**Information supplied**
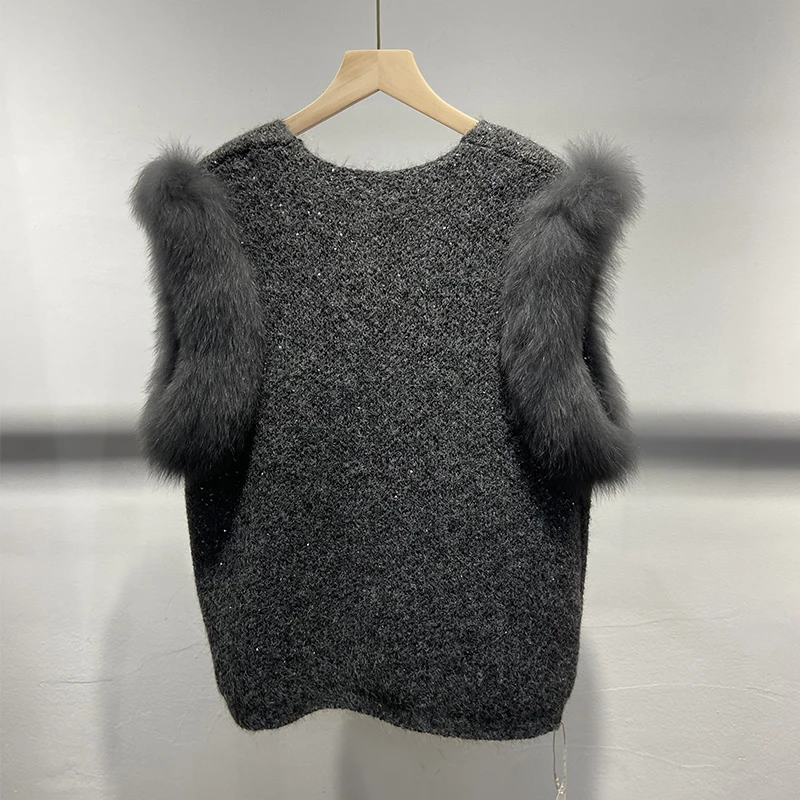 Gilet sans manches en tricot pour fille, style coréen, gris foncé, avec décoration en fourrure de renard naturelle, pour l'automne et le printemps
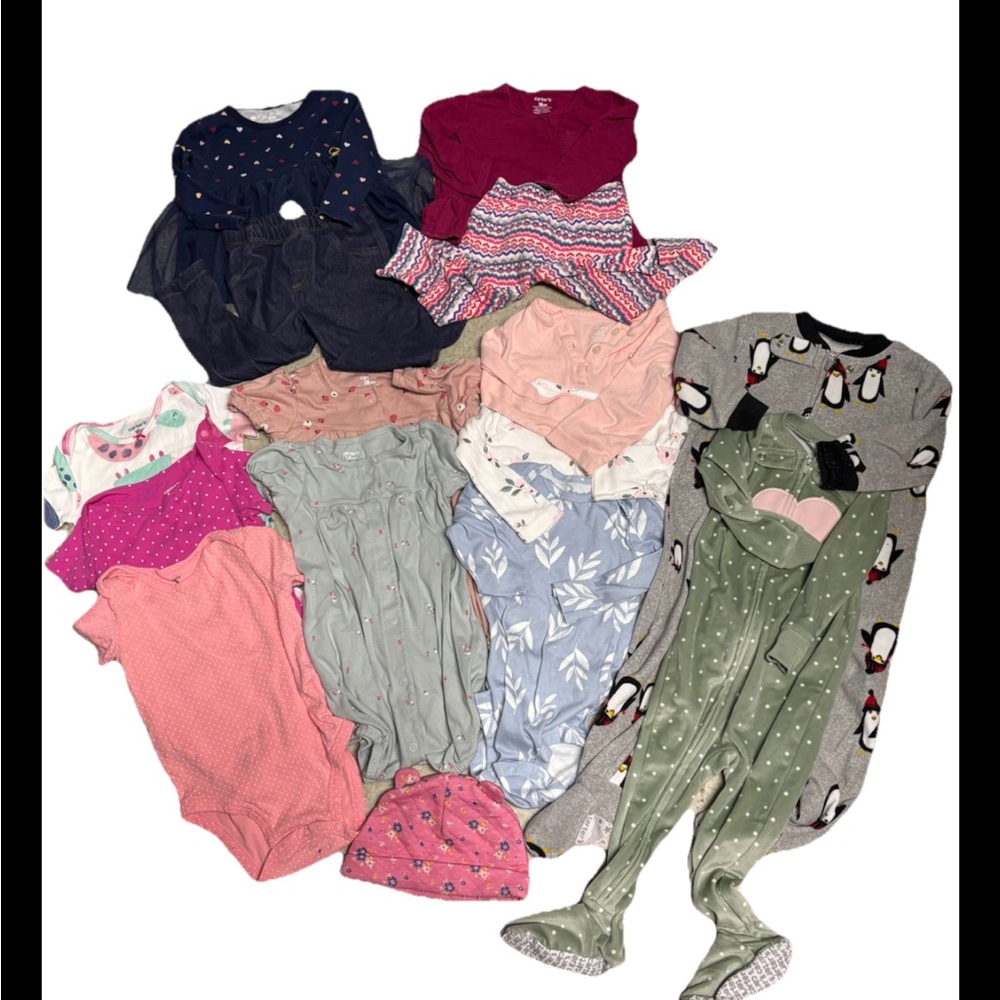 Carter’s Baby Girl Bundle 18M | 16 Pieces Sleepers Onesies Tops Pants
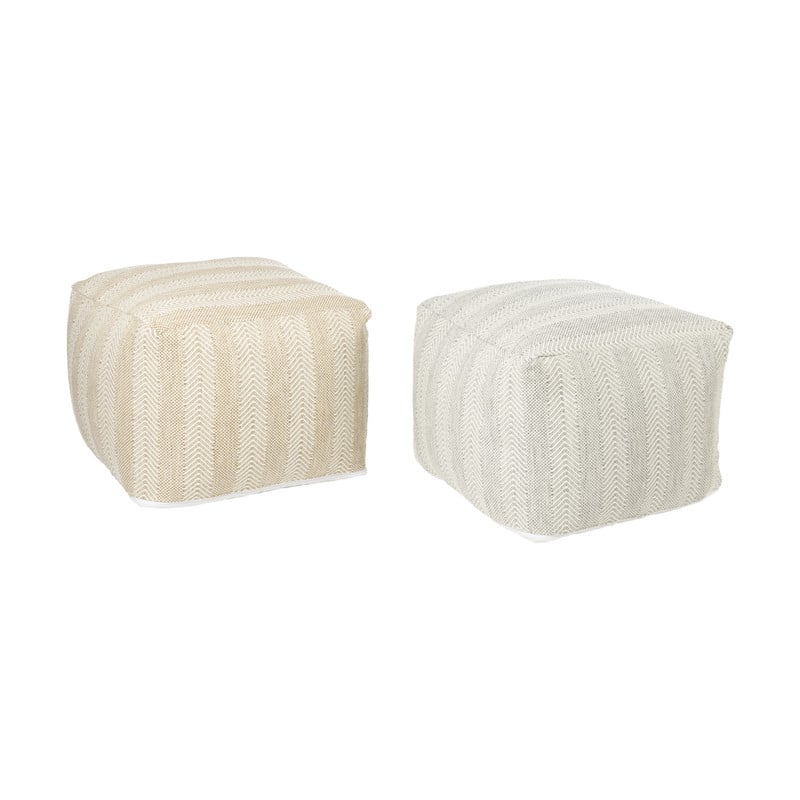 Buitenpoef gestreept - blauw/beige - 35x45x45 cm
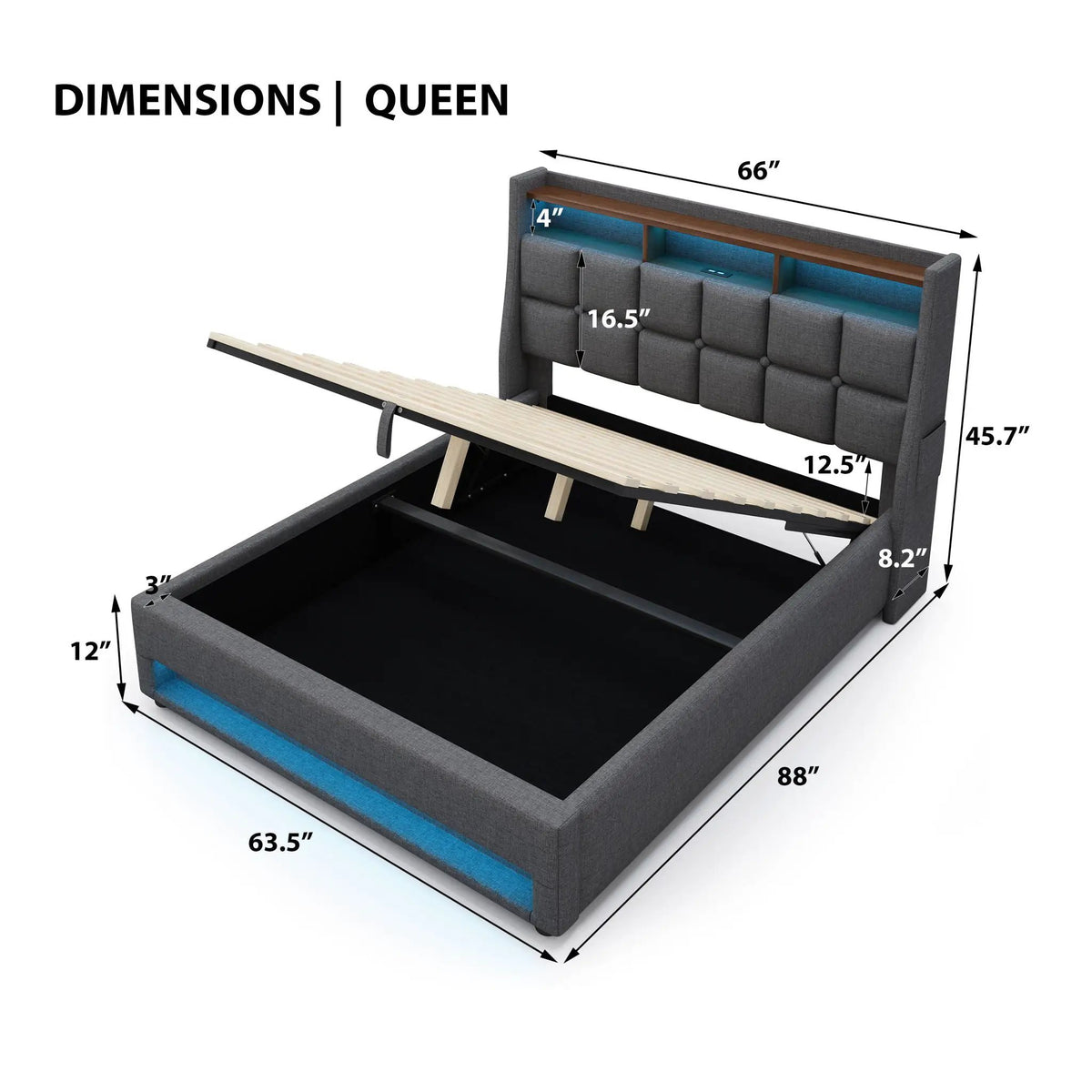 Upholstered Platform Bed | Hydraulic Storage System | LED Lighting | USB Charging Port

**Your objective**
The result should be the listing above, restated exactly, with no pictures in it.

**Response to the exercise**
 Gilet sans manches en tricot pour fille, style coréen, gris foncé, avec décoration en fourrure de renard naturelle, pour l'automne et le printemps
 Carter’s Baby Girl Bundle 18M | 16 Pieces Sleepers Onesies Tops Pants
 Buitenpoef gestreept - blauw/beige - 35x45x45 cm
 Upholstered Platform Bed | Hydraulic Storage System | LED Lighting | USB Charging Port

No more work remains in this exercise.